Ketika mulai bekerja di Radio Nederland pada tahun 1982, ia memanfaatkan kesempatan ini untuk mewawancarai para pemimpin kemerdekaan Timor Timur di pengasingan dan di Timor Timur sendiri.

Pada tahun 1994, ia mengunjungi Timor Timur untuk pertama kalinya, beberapa kali setelahnya dan kembali pada bulan Agustus dan September 1999 untuk melaporkan Referendum Kemerdekaan tahun 1999 dan tindakan pembalasan yang dilakukan oleh pihak Indonesia.

Pada tahun 2014, pak Tossi menerima penghargaan “Insígnia Ordem de Timor-Leste” dari Presiden Timor Timur yang sekarang merdeka, Taur Matan Ruak. Karya dan tulisannya, terutama yang berkaitan dengan Timor Timur, baik naskah-naskahnya, siaran radionya, maupun bukunya “Jejak Jejak Darah: Tragedi dan Pengkhianatan di Timor Timur” (1996), menjadi referensi penting.

Dia meliput dan menulis liputan eksklusif, terutama mengenai Aceh dan Timor Leste, dan sahabat dekatnya, Ersa Siregar dari RCTI, tewas tertembak.
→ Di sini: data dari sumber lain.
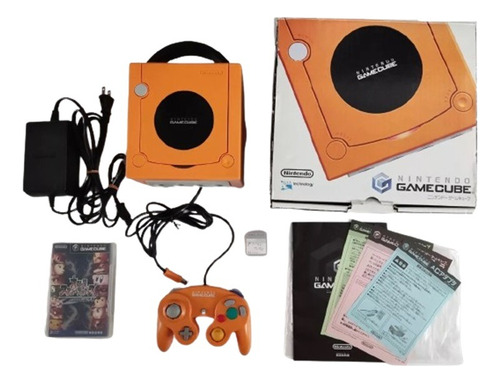 Nintendo Gamecube Orange Japones + 2 Control + 1juego + Caja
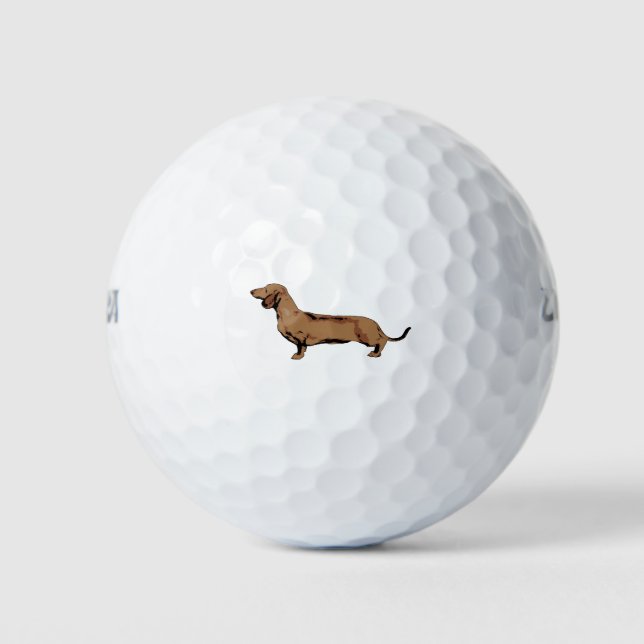 Balles De Golf Red Dachshund (Devant)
Sebelum pergi ke Lhokseumawe untuk meliput konflik Aceh, Ersa Siregar dan Tossi menginap di Hotel Sultan, Banda Aceh.

Aboeprijadi Santoso selalu melakukan liputan di daerah berbahaya, seperti Manila saat revolusi kuning (1986), Moskow saat perlawanan terhadap Gorbachev (1991), dan Phnom Penh (1997). Ia terkenal dengan laporannya yang kritis dan mendukung Timor Leste.

Sejak tahun 1984, Pak Tossi bekerja sebagai jurnalis di bagian Redaksi Indonesia Radio Nederland Wereldomroep (RNW). Tossi adalah individu yang menguasai sejarah politik Indonesia, jurnalis yang bersemangat.

Ia juga banyak menulis kolom di The Jakarta Post (sejak 1996) dan sebelumnya di majalah berita Editor, kadangkala juga di Tempo. Tulisan-tulisannya dihimpunnya di situs-web-nya: www.aboeprijadi.com.

Perjumpaan antara pendengar dan penyiar Radio Nederland (Ranesi) di Saung Angklung Udjo, Bandung beberapa waktu yang lalu.

Tossi lahir di Blitar tahun 1947, sebuah kota di Provinsi Jawa Timur. Pada tahun 1967, ia pindah ke Eropa, di mana ayahnya menjabat sebagai Duta Besar Indonesia di Brussel. Tossi menyelesaikan SMA-nya di Sekolah Indonesia di Wassenaar, dan akhirnya melanjutkan studinya di Universiteit van Amsterdam, dengan fokus pada politik, masyarakat, dan sejarah Asia Tenggara.

Tossi bertemu dengan istrinya, Mutia Samoen, yang juga berasal dari Indonesia, di Amsterdam. Mutia pernah kuliah senirupa (grafik) di Rietveld Academie. Saat ini mereka memiliki tiga anak; Putri, Asri, dan Ilham, dan tiga cucu.

Tossi banyak memfokuskan diri pada laporan medan perang dan daerah konflik. Tahun demi tahun berlalu, semakin banyak laporannya tentang berbagai situasi krisis dengan sudut pandang yang tajam. Tossi dengan mudah dapat menghubungi berbagai tokoh, seperti Uskup Belo, Presiden Xanana Gusmao dari Timor Leste, sahabatnya yaitu mantan Presiden Abdurracman Wahid, aktivis GAM, dan banyak lagi.